■ **Task prompt**:
Instruction for the entries below: return the part that opens with the line containing "Folk Shehuo Performance in Bazhou" and closes with the line containing "Set of 8 Assorted", exactly, and no pictures.

■ **Data for the task**:
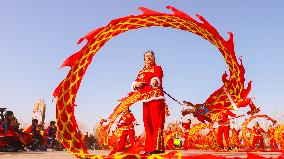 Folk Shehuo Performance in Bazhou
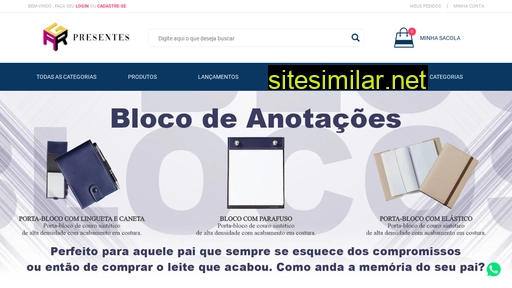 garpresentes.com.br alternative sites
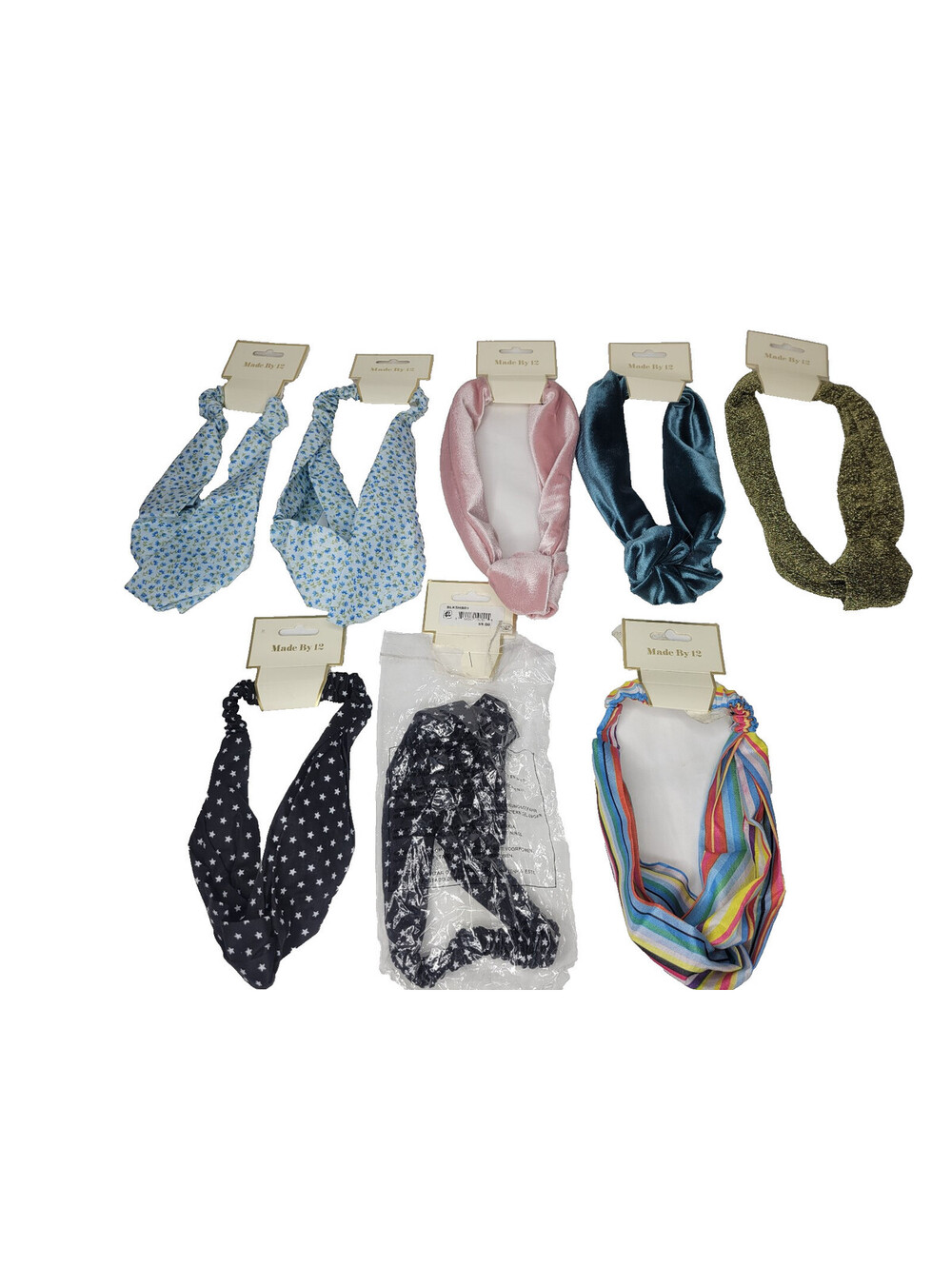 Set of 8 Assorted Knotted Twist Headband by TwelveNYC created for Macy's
...
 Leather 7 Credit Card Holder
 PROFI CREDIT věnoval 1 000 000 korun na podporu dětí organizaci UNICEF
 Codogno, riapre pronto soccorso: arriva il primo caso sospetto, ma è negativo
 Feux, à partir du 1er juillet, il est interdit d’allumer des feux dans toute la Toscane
==
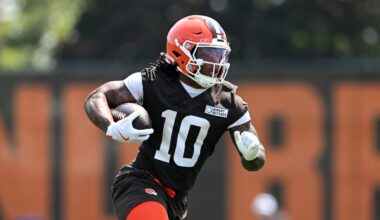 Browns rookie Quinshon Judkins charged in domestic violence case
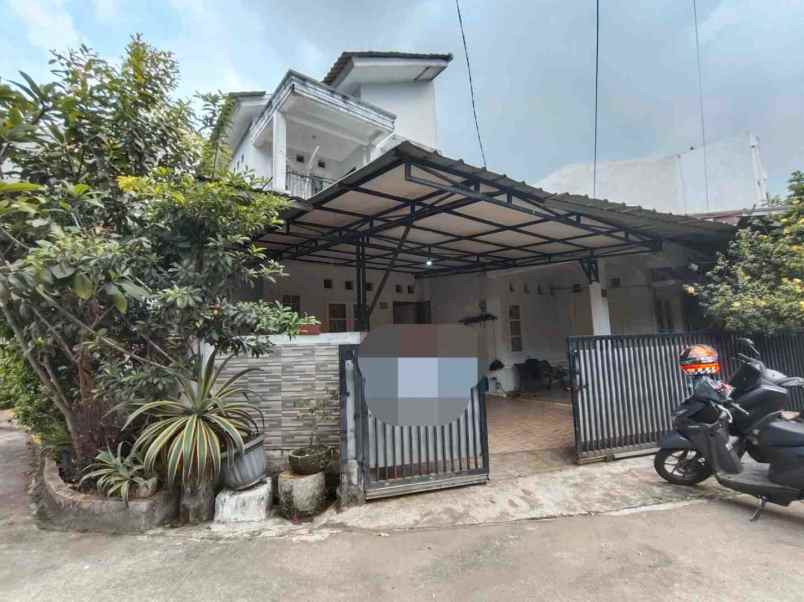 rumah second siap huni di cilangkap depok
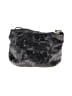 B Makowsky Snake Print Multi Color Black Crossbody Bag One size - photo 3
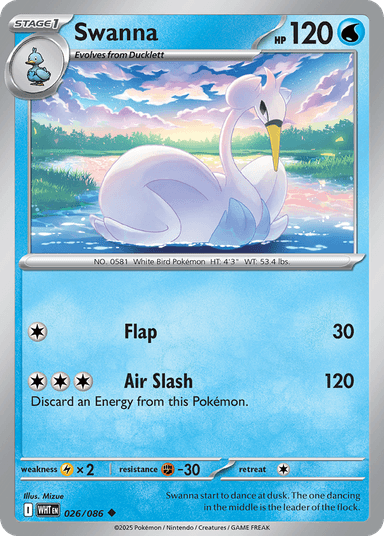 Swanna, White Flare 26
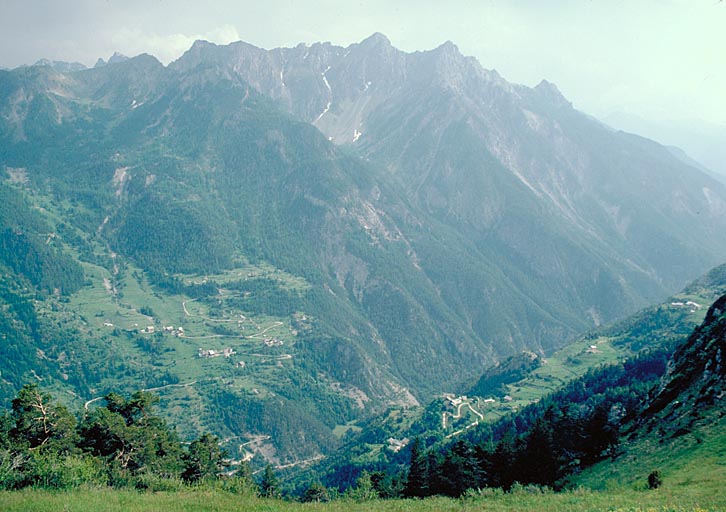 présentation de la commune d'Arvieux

■ **Result of this exercise**:
 Folk Shehuo Performance in Bazhou
 garpresentes.com.br alternative sites
 Set of 8 Assorted Knotted Twist Headband by TwelveNYC created for Macy's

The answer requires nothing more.